Le vendredi 9 janvier 2015 restera à jamais marqué sous le sceau de l’horreur et de la tristesse. Nous avons ressenti la nouvelle comme un véritable électrochoc. Pas un de nous n’oubliera les noms et les visages de Yoav Hattab, Philippe Braham, Yohan Cohen, François-Michel Saada assassinés il y a trois ans à l’Hypercasher de Vincennes uniquement parce qu’ils étaient Juifs. Nous avons également été émus par l’assassinat des membres de la rédaction de Charlie Hebdo.

Parmi les victimes de la folie terroriste des frères Kouachi le nom d’une personne a retenu mon attention : Elsa Cayat. J’avoue que c’est en regardant sa photographie que je me suis souvenu d’elle. Je l’avais connu alors qu’elle était étudiante en médecine à la Faculté de Médecine Saint Antoine. Je me rappelle qu’il nous arrivait de discuter de temps en temps devant la machine à café de tout et de rien, des sujets insortables aux examens, du stage qu’il fallait éviter et de celui qu’il fallait faire. Je me souviens de ses yeux, de son rire communicatif, de sa démarche, de son humour et surtout de l’aura qu’elle dégageait quand elle rentrait dans la bibliothèque. Parmi les centaines d’étudiants qu’on croise au cours de ses études de médecine, on en oublie beaucoup, en revanche, on garde à jamais le souvenir de quelques-uns. Elsa Cayat faisait partie de ces gens qu’on n’oublie pas. Nos chemins ont pris des directions différentes. Je savais qu’elle était devenue psychiatre après avoir lu un article consacré au livre qu’elle avait écrit (Un homme + une femme = quoi ?) dans lequel elle s’interrogeait sur les fondements du couple.
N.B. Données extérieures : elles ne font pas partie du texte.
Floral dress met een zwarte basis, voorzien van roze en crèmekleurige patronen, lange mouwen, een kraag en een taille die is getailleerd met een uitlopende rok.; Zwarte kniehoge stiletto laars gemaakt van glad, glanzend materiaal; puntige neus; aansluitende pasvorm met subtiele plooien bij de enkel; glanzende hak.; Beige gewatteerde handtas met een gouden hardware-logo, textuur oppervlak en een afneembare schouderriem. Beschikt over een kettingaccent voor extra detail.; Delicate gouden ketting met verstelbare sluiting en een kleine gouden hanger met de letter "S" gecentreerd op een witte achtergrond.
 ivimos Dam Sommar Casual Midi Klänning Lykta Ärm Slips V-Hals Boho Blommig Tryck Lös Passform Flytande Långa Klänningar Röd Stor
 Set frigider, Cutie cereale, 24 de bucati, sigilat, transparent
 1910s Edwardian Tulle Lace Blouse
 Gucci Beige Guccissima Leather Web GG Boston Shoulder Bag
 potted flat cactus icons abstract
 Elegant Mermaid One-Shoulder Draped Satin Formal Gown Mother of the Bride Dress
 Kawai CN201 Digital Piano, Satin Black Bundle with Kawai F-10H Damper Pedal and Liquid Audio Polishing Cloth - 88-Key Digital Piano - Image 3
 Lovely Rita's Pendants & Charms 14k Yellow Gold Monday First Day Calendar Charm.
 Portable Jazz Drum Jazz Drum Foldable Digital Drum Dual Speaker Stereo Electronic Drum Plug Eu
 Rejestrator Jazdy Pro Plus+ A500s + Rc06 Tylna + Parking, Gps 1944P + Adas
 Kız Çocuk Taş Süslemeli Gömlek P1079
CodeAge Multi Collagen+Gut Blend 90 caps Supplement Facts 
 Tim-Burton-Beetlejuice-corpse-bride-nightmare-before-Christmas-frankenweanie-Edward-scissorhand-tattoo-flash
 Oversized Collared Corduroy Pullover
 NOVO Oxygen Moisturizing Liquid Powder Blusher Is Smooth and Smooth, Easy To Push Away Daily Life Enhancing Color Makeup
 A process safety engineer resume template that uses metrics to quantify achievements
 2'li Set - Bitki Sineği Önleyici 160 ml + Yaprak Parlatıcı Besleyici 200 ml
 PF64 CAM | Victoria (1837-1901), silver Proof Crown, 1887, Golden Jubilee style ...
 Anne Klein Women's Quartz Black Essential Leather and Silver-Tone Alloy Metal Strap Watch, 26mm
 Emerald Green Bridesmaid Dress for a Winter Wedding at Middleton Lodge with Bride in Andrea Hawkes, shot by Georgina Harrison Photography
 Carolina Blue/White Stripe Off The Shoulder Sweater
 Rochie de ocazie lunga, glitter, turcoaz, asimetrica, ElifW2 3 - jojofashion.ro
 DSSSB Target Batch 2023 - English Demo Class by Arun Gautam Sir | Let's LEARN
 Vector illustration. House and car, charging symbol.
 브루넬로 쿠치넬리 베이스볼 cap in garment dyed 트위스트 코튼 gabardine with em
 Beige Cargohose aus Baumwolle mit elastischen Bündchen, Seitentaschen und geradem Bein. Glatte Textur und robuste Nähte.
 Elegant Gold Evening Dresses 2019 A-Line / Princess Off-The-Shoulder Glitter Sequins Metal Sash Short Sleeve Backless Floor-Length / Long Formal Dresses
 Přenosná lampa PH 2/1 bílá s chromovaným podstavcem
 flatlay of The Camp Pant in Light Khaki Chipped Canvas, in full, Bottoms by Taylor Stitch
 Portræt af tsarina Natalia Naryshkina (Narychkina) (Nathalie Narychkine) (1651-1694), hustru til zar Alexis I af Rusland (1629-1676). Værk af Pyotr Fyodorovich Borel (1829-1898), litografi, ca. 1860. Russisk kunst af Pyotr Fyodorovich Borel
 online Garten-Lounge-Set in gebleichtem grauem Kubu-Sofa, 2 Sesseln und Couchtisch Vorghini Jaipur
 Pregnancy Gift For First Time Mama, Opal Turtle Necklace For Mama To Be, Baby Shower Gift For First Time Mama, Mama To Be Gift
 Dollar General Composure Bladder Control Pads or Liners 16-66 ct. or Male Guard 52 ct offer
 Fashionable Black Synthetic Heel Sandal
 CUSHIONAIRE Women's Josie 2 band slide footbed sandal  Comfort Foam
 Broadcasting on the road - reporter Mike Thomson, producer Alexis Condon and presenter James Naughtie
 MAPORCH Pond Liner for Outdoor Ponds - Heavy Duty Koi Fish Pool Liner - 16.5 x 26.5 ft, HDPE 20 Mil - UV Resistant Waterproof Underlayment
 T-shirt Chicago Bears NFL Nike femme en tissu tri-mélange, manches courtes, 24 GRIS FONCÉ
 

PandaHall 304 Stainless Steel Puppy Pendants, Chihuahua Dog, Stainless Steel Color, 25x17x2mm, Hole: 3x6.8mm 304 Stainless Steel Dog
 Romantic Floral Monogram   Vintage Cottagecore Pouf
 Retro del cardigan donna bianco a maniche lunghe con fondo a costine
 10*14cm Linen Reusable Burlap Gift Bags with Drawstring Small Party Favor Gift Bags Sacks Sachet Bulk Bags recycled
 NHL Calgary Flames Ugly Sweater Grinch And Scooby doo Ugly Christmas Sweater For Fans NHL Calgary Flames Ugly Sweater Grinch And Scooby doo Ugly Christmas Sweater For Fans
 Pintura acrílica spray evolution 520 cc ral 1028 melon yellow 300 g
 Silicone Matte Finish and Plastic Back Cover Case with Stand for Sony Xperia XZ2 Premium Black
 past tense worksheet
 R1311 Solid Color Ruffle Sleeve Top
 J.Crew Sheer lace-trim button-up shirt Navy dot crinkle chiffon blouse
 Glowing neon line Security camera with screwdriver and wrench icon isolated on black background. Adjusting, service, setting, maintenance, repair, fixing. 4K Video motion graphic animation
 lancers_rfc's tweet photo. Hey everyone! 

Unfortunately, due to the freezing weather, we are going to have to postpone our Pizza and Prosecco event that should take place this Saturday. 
Elsa est morte à 54 ans le 9 janvier 2015 alors qu’elle assistait à la conférence de rédaction de Charlie Hebdo. Corinne Rey, dessi¬na¬trice à Char¬lie Hebdo a rapporté que les frères Kouaci lui avaient déclaré qu’ils ne tuaient pas les femmes. Alors pourquoi ont-ils tué Elsa Cayat. A-t-elle été tuée parce qu’elle était juive ? C’est l’hypothèse qu’a évoquée sans certitude sa cousine, la productrice de cinéma Sophie Bramly dans son témoignage : « Je sais que les assassins ont demandé à leurs victimes de se lever et de décliner leur identité. Comme elle était juive, je ne peux m’empêcher de penser qu’elle a été tuée pour cette raison, et j’en éprouve des relents d’horreur ». Tragique destin que celui d’Elsa dont le Quotidien du Médecin du 22 janvier 2015 rappele qu’elle était « Juive laïque ». Sa tante, la romancière Jacqueline Raoul-Duval a dit qu’elle était « Profondément athée, elle avait une grande considération pour la culture juive, l’amour du livre ». Son ami cardiologue Alain Wajman a souligné le fait qu’« Elle avait les valeurs du judaïsme ». Nous autres Juifs, nous adorons apporté une note d’humour à chaque évènement tragique. Voilà pourquoi j’ai choisi pour terminer de vous livrer les témoignages à propos d’Elsa qui m’ont fait sourire et qu’elle aurait probablement adorés. Le Rabbin Delphine Horvilleur a rappelé le jour de son enterrement qu’Elsa « n’était ni Freudienne, ni Lacanienne. Elle était « Cayatienne », une école à part » tout en rappelant qu’« à l’heure qu’il est, Dieu est peut-être déjà sur le divan d’Elsa ». Mais surtout j’ai aimé le témoignage de son confère et ami, le docteur Alain Wajman que nous connaissons bien à l’AMIF qui a raconté qu’Elsa a refusé qu’il s’allonge dans son canapé de psychanalyste en lui expliquait qu’elle ne « prenait pas en charge les potes, surtout quand ils étaient des ashkénazes angoissés ».